The reason is straightforward: AI workloads are extraordinarily RAM-intensive. Whether it is massive data centers powering cloud-based AI services or individuals deploying open-source large language models locally on devices with high-memory architectures, the demand for memory is creating severe supply constraints. The global proliferation of open-source AI models, with massive adoption in markets like China, is only accelerating this trend. Micron's recent blowout earnings further confirmed the strength of the memory cycle.

Technically, SanDisk has been making higher highs and higher lows, with repeated consolidation patterns followed by breakouts to the upside. The stock has been approaching the $800 level, though intraday volatility has ramped up significantly — an 11% move to the upside one day followed by a 5% decline the next. This kind of increased volatility at elevated levels warrants caution, as it can sometimes signal a potential reversal.

RSI is showing lower highs, suggesting some waning of price momentum, though given the abnormal price action, this divergence should be taken with a grain of salt. The MACD remains bullish, though the 12 EMA is beginning to hinge slightly. Key support levels include the 50-day moving average at $574.25, which held as support in mid-March, followed by the 200-day moving average further below. The trend remains upward, but the elevated implied and realized volatility compared to the prior year and a half raises the risk that a swift reversal could breach structural support levels. Position sizing and risk management are especially important in a name moving this aggressively.

Palantir: The Modern Battlefield Play

Palantir has pulled back from its status as one of the biggest high-flyers of the past couple of years, declining roughly 2.3% in the most recent session and seeing broader weakness year-to-date alongside the software sector. Yet the long-term thesis remains deeply compelling.

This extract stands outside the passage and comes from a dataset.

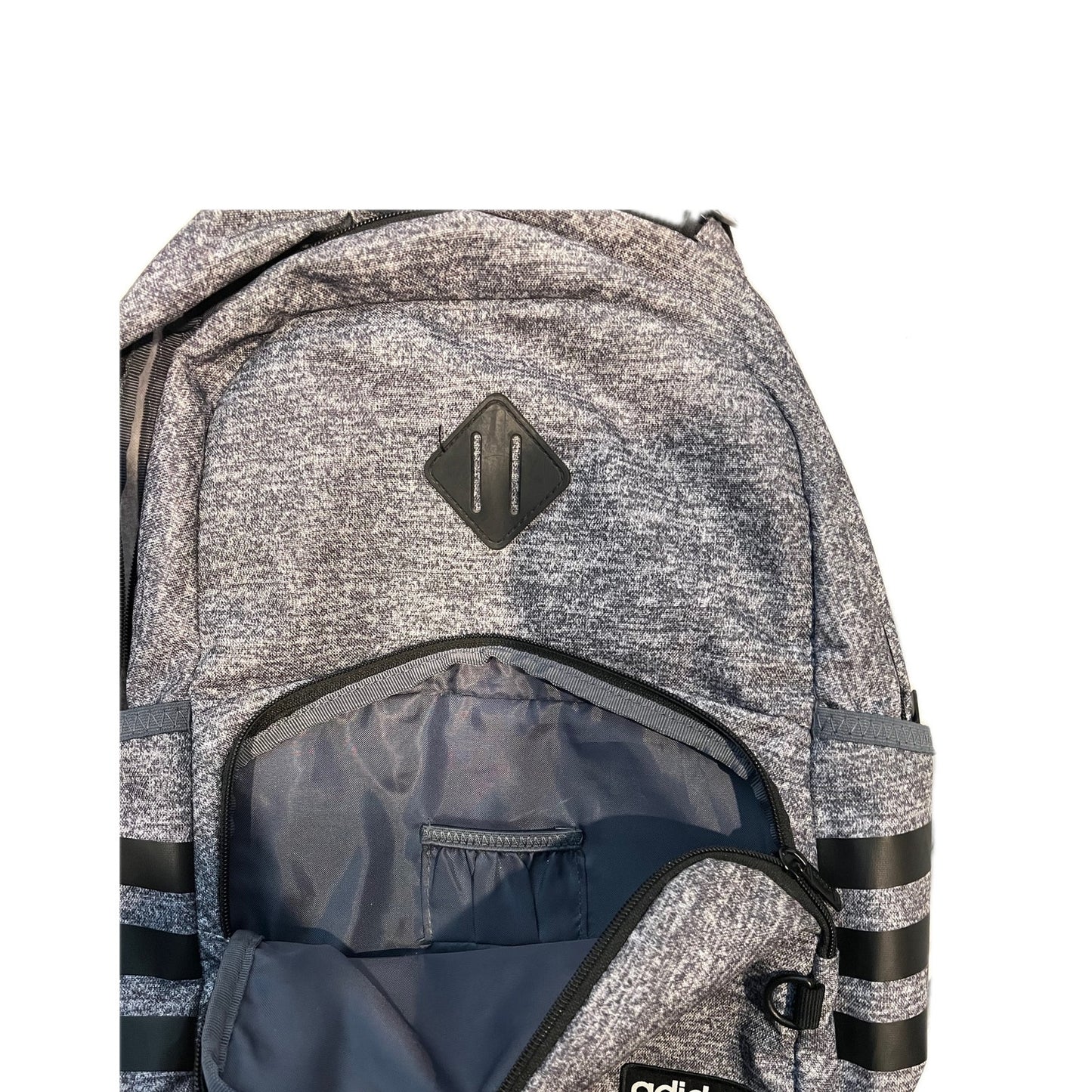 Sac à dos Adidas Classic Trois Bandes 4 Gris Noir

The core investment case rests on the evolution of modern warfare and the relentless increase in global defense spending. With military budgets climbing into the trillions and the Pentagon requesting ever-larger allocations, Palantir sits at the nexus of defense technology and AI-driven intelligence. The company's platforms have been instrumental in recent geopolitical operations — details that typically emerge only after operations conclude — and as current conflicts in the Middle East and elsewhere wind down, the full scope of Palantir's contributions is likely to become public knowledge, potentially catalyzing renewed investor enthusiasm.

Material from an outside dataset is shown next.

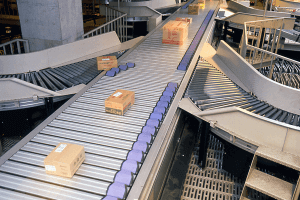 Sortation installation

From a technical perspective, the chart tells an encouraging story despite the recent pullback. From lows around $66 last year, the stock surged to $27.52 (split-adjusted) before pulling back. Crucially, the retracement was only 50% — from those lows to the highs and back down to around $120 — and that 50% Fibonacci level held. The stock has since recovered both its 20-day and 50-day moving averages.

Perhaps the most telling signal is what Palantir has not done during the recent market volatility. While the S&P 500 and the broader technology sector have seen significant turbulence, Palantir has remained relatively stable, consolidating in a pattern that suggests it may be basing for a breakout to the upside. The 200-day moving average at $163.40 represents the first major resistance level, with $175 to $180 above that. The technical setup leans more bullish than bearish.

The Bigger Picture

These three names — Devon Energy, SanDisk, and Palantir — represent three distinct investment themes: energy security, AI-driven memory demand, and defense technology. Together, they illustrate a market where opportunity exists even in uncertain times, provided investors are willing to look beyond the headline-level fear. Diversification across uncorrelated themes remains essential, and maintaining discipline around key technical levels provides a framework for managing risk. The market's resilience, while not a guarantee of future performance, suggests that the foundation beneath these trades is stronger than the prevailing mood would imply.